This file contains the stages and commands to execute, and the order of execution. It also contains the conditions under which a deployment can happen.

/circleci/docker

The contains the docker images used during circleci builds. The joplin-ci-build image is for the build job (BUILDKIT=1 docker builds are very particular and need a special image and deployment process as of 05/2019). joplin-ci-deploy is used for every other job.

Builds for these images are done manually as needed and then stored in the cityofaustin dockerhub repo. You can build and push a new image by following these steps:

SHA=$(git rev-parse HEAD)
docker build -f .circleci/docker/joplin-ci-build.Dockerfile -t "cityofaustin/joplin-ci-build:${SHA:0:7}" .circleci/
docker push cityofaustin/joplin-ci-build:${SHA:0:7}

Then update the image tags in /circleci/config.yml to use your new git commit SHA tag.

Steps

CircleCI will run the deployment workflow for every branch. Certain branches will have different steps applied to them.

The deployment is handled in four different stages, for each job circleci will create a new container (with a temporal (ephemeral) file system) and run all the operations as indicated per stage.

1. test

.circleci/scripts/cli_test.sh

At the moment the pre-deployment tests only check whether the AWS & Heroku CLI tools have been installed and are properly running.

2. backup_database

.circleci/scripts/backup_database.sh

If deploying on master or production, we first take a backup of the database and store it in S3 for disaster recovery. The backup file name is comprised of these values:

  • The name of the application
  • The timestamp
  • The SHA of the latest commit
  • The name of the latest django migration

Once the name is generated then it proceeds to generate a full URL link where the final file will be stored in S3. It connects to the database and generates a full backup and automatically saves it to S3 using the established nomenclature.

3. create_review_app

.circleci/scripts/create_review_app.sh

Builds infrastructure for a new heroku app. This step is only done for PR/Review/Dev branches because staging and production branches already have heroku apps in place.

4. build_and_release

.circleci/scripts/build.sh Builds the Joplin docker image and pushes to cityofaustin's dockerhub repo and the heroku app.
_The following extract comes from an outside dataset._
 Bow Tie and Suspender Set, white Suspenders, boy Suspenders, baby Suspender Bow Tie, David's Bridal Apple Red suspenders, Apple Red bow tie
.circleci/scripts/release.sh

Releases the docker image pushed to heroku in the previous step. This is what actually deploys the image to heroku.

.circleci/scripts/migrate.sh

Heroku Docker entrypoints time out at 60 seconds. So django migrations and data loading need to be initiated by invoking the docker-entrypoint.sh script manually.
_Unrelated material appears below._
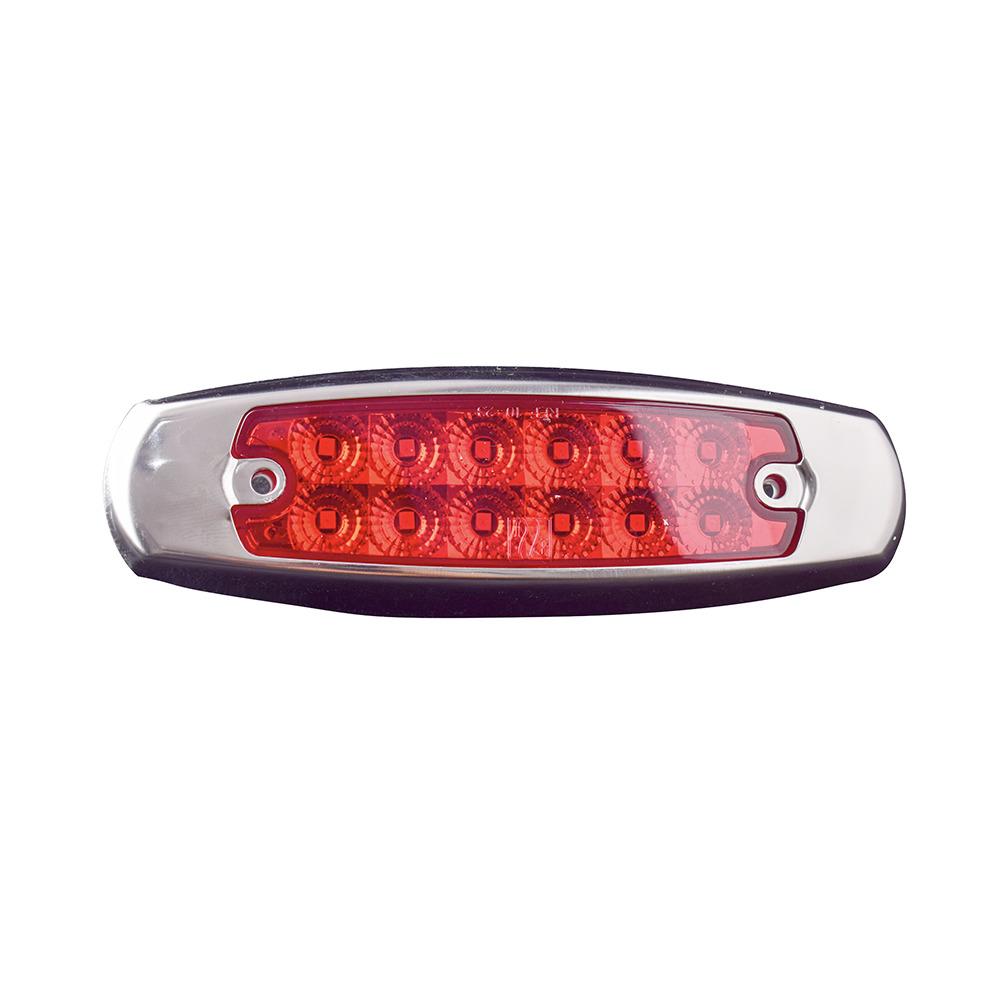 *J3* LUZ DE CORTESIA LATERAL ROJA TRAKTOLAMP 8097CR12/24V LED -  LUZ FIJA CON BISEL METALICO CROMADO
The migration process currently consists of 3 commands:

  • python ./joplin/manage.py migrate - This command will trigger the django migration process. It runs for all instances on the Cloud: PRs, Staging and Production.
  • python ./joplin/manage.py loaddata - This command will import the latest datadump in joplin/db/system-generated. This only happens for PR branches.
  • python ./joplin/manage.py collectstatic - Triggers the collect static process which only takes care of wagtail and certain images. This only runs for staging and production.

Useful Commands

  • Shut down all joplin containers:

    • source scripts/docker-helpers.sh; stop_project_containers joplin
  • Delete all joplin containers:

    • scripts/docker-helpers.sh; delete_project_containers joplin
  • Create New App:

    • APP_NAME=app_name_goes_here
      docker exec joplin /bin/bash -c "mkdir -p \"$APP_NAME\" && cd joplin && python manage.py startapp \"$APP_NAME\""
      
  • Access the Graphql API

    • localhost:8000/api/graphiql
  • Troubleshooting:

    • Clean up older docker images and containers and rebuild the new application if necessary:
    • # Assuming you only have joplin containers running, remove all containers first:
      docker rm $(docker container ls -aq);
      
      # Delete orphan (dangling) images only:
      docker rmi $(docker image ls -aq -f "dangling=true");
      
      # Then Rebuild (be sure to have the heroku cli installed in your machine)
      REBUILD=on ./scripts/serve-local.sh
      

Design

icons

To get a full set of icons that Wagtail has available you'll need to upload Wagtail's icomoon icon definitions to the icomoon web app. Make sure you're uploading the icon definitions for the version of wagtail we're using.

Adding Scripts/Styles

We're using webpack to bundle syles and scripts, and webpack_loader to include them in our templates. To create a new bundle it should be defined as an entry in webpack.build.js and webpack.dev.js, then included in a template using {% load render_bundle from webpack_loader %} and {% render_bundle 'YOUR_BUNDLE_NAME_HERE' %}.


Misc

Static File Uploads

The master branch (staging app, joplin-staging.herokuapp.com) and production branch (production app, joplin-production.herokuapp.com) upload static files to an S3 bucket (both share the same bucket), but have separate databases.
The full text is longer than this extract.